We are reporting once again from the intersection of the news media, policy and politics. From here, we can see how and why government really works — and mainly how and why it too often fails to work the way it should.

It’s the place where all the vehicles of governance converge and collide: the executive, legislative and judicial branches — plus those of us in the news media. For better and worse, we play an undescribed, but always understood, role in shaping policy agendas and priorities by what we cover and what we ignore.

Now this: We’ve just seen some astonishing breaking news. Astonishing because it was good news. Yet, there it was, announced but barely noticed, smack in the middle of this glob of godawful news.

But if you care about finally fixing a longtime problem in which your government’s bureaucracy has been shafting hardworking public servants, the news that was announced Monday morning by Education Secretary Miguel Cardona was your kind of good news. And we’ll get to it. But we must begin by reminding you what first happened back at the intersection.

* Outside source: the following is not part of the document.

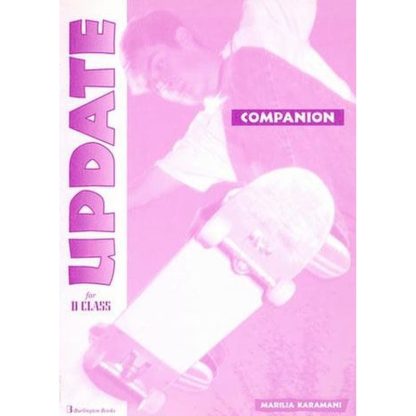 Update For D Class Companion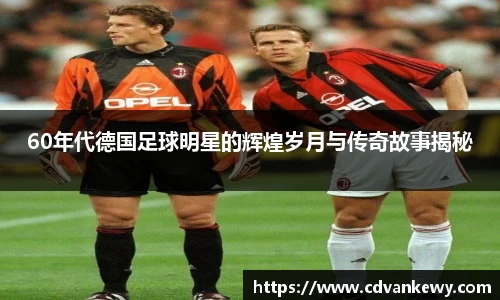 南宫集团官网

On Oct. 3, perhaps you saw yet another CBS News “60 Minutes” piece that left you fuming at the injustice of seeing your government inaction. Correspondent Lesley Stahl and a team had been investigating another long-known but forever unfixed failure of a program that was designed to reward underpaid public servants. It was a well-intentioned 2007 program signed into law by George W. Bush, implemented by Barack Obama, to forgive student loan debt of public servants ranging from school teachers to those in military service who made 10 years of monthly payments without ever defaulting.

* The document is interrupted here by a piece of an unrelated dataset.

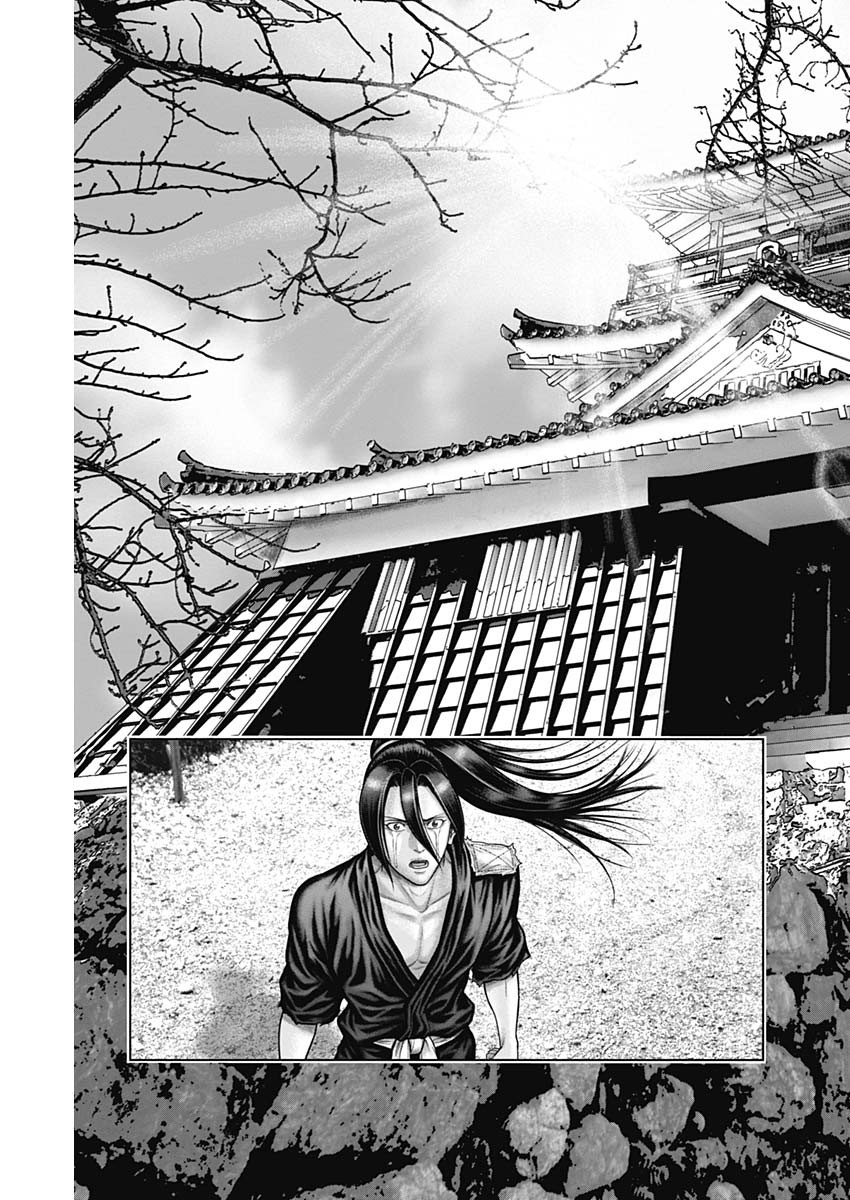 GantzE Chap 50 - Next Chap 51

Run by the Department of Education, the program became infamous for being a jumble of bureaucratic rules that hurt those it was designed to help. Department functionaries mindlessly rejected 98% of all who presented what they were assured was valid proof of their decade of on-time payments. When consumer protection officials first probed the program in 2017, Trump’s Education Department simply canceled it — with hundreds of thousands still in it — and was sued by the American Federation of Teachers. Last April the Government Accountability Office issued a scathing report. And CBS’ “60 Minutes” got on the case. Joe Biden’s Education Department surely knew where this story was going.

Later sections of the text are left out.